In addition, for evaluation with a minimum amount of experimental spatial DN of the tested antenna, in the associated coordinate system, the BCs perform one left and one right bend with a constant value of heel equal to γ = 0.5 * arctg (h _sun / r _G ), the measurement results obtained when performing the right and left turns, normalize and form new arrays by combining the measured values of the radio signal levels in the range of NIP exchange rate angles from 0 to 180 degrees when performing the left turn with estimates of the radio signal levels in the change range NIP NIPs from 180 to 360 degrees when performing the right turn, and vice versa, which provides estimates in two zones (lighting and shading) of the test antenna onboard antenna as close as possible to zero values of the angle of sight of the radio signal source NPC irregularities of the beam pattern, which are obtained when testing aircraft antennas in ground conditions.

The invention is illustrated by the following drawings.

The figure 1 shows a diagram of the execution of turns with negative - a) and positive - b) values of roll angles γ when experimentally evaluating the NF of the aircraft side antennas by flying along a circular path at a given distance r _g from the gearbox; - c) changing the angle of sight of the NIP when performing right and left bends with constant rolls of + 10 ° and -10 °;

The figure 2 shows the structural diagram of the sequence of procedures for the implementation of the proposed method:

1 - aircraft with a test antenna;

2 - tested antenna;

3 - broadband power amplifier (DIN);

4 - programmable generator (synthesizer) of HF radio signals (PRG);

5 - battery;

6 - plug-in PC for programming synthesizer operating modes;

7 - GPS / GLONASS antenna of the receiver from the navigation system of the aircraft;

8 - GPS / GLONASS receiver from the navigation system of the aircraft;

9 - aircraft navigation system;

10 - onboard system for registration of aircraft navigation information;

11 - ground measuring point (NIP);

12 - measuring receiving antenna NPC vertical polarization (VP);

13 - measuring receiving antenna NPC horizontal polarization (GP);

14 - analyzer of a spectrum of a real time signal of the antenna of EP (ASRV);

15 - analyzer spectrum real-time signal antenna GP (ASRV);

16 - PC processing and registration of measurements of the parameters of the NIP;

17 - power supply device measuring sensors NPC;

18 - GPS / GLONASS antenna of the receiver of the NPC;

19 - GPS / GLONASS receiver from the NPC.

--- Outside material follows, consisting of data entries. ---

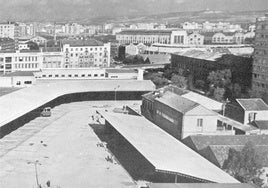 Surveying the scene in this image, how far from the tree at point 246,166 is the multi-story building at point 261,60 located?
14.1 m

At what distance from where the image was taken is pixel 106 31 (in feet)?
375

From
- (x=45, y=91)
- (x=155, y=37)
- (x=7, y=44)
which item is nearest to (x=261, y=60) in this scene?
(x=45, y=91)

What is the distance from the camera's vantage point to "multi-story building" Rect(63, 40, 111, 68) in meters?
43.4

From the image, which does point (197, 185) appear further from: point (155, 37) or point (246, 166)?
point (155, 37)

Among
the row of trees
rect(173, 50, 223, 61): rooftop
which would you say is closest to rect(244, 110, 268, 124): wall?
the row of trees

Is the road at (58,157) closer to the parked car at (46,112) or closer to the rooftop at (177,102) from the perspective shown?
the parked car at (46,112)

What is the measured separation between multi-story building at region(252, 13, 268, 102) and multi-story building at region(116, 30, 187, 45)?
3831 cm

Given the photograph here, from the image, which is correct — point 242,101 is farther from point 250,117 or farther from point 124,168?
point 124,168

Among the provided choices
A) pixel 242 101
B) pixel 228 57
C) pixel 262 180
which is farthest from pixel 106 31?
pixel 262 180

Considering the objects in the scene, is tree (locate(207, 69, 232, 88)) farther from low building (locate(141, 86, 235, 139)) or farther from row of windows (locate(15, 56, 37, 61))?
row of windows (locate(15, 56, 37, 61))

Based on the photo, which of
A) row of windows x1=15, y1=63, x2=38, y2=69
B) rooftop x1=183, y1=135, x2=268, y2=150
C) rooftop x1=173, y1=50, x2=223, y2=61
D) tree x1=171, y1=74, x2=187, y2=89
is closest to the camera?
rooftop x1=183, y1=135, x2=268, y2=150

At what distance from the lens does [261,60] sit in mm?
27875

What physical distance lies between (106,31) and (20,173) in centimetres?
10137

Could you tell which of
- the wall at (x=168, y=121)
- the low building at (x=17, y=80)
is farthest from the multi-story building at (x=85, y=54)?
the wall at (x=168, y=121) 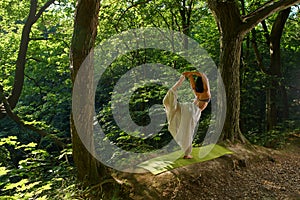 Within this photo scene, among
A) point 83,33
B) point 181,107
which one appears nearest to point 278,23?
point 181,107

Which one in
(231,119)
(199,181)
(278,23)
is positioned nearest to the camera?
(199,181)

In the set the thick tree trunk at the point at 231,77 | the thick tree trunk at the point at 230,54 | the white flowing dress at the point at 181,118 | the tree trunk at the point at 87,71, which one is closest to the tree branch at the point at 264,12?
the thick tree trunk at the point at 230,54

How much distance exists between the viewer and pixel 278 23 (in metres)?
8.92

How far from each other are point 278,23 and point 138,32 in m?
4.37

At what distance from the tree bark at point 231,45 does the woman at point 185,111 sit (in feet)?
4.96

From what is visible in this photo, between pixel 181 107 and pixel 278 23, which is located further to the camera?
pixel 278 23

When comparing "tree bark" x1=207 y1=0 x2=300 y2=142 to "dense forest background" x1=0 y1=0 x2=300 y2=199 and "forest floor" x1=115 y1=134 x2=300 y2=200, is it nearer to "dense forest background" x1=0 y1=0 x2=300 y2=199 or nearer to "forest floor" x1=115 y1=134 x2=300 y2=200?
"forest floor" x1=115 y1=134 x2=300 y2=200

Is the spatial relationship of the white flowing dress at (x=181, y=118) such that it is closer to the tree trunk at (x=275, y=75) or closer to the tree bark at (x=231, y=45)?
the tree bark at (x=231, y=45)

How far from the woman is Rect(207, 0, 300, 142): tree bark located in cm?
151

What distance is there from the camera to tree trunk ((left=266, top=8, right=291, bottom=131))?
893 centimetres

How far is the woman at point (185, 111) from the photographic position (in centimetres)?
470

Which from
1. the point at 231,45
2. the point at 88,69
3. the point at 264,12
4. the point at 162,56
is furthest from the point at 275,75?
the point at 88,69

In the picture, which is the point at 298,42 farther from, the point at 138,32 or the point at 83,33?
the point at 83,33

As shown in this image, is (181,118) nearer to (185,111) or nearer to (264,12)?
(185,111) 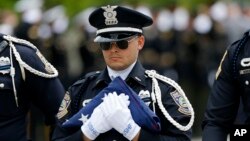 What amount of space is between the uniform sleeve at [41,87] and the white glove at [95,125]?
4.02ft

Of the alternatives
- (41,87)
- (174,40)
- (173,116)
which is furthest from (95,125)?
(174,40)

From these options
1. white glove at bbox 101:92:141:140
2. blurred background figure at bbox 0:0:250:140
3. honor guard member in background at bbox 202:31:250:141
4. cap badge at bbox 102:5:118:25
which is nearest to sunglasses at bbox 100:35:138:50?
cap badge at bbox 102:5:118:25

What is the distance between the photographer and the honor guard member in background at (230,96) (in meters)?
7.65

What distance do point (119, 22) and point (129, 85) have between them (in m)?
0.45

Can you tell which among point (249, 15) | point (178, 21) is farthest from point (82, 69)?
point (249, 15)

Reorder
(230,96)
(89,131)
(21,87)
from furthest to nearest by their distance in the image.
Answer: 1. (21,87)
2. (230,96)
3. (89,131)

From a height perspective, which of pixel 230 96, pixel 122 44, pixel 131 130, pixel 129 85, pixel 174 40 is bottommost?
pixel 174 40

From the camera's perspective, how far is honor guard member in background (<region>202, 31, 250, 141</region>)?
765cm

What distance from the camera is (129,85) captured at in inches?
302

The figure 3 shows examples of the application of the proposed algorithms and the quality of smoothing the experimental data using a quadratic polynomial:

a) when the NF approximation of a log-periodic antenna from the NIP (CLP 5130-1);

b) when approximating the experimental results of measuring the dependence of the level on the frequency of the radio signal and the distance between the NPC and AF;

The figure 4 presents:

a) a scheme for carrying out experiments when flying along a straight-line calibration trajectory and measuring flight along a circular trajectory, where:

- 20 rectilinear calibration trajectory,

- 21 measuring circular trajectory,

- 22 DN metering antenna VP in the horizontal plane,

- 23 DN measuring antenna GP in the horizontal plane,

- 24 center of circular trajectories (CCT);

b) the results of processing the experimental measurements of the DN of two BC antennas and their correction using the technology declared in the method;

The figure 5 presents the experimental results of processing measurements of the antenna antenna of the aircraft with a minimum experiment volume (when performed on one circular trajectory with a right roll of + 10 ° and a left roll of -10 °):

- a) measured dips and the corresponding dependences of the viewing angle of the NPC on the CSD;

- b) the results of processing with DN estimates for the proposed algorithms in the presence and absence of shading of the antenna under test with structural elements of the aircraft with the corresponding dependencies of the viewing angle of the NPC on the CSD;

The claimed method of measuring the spatial bottoms of the sun antennas in flight conditions is as follows.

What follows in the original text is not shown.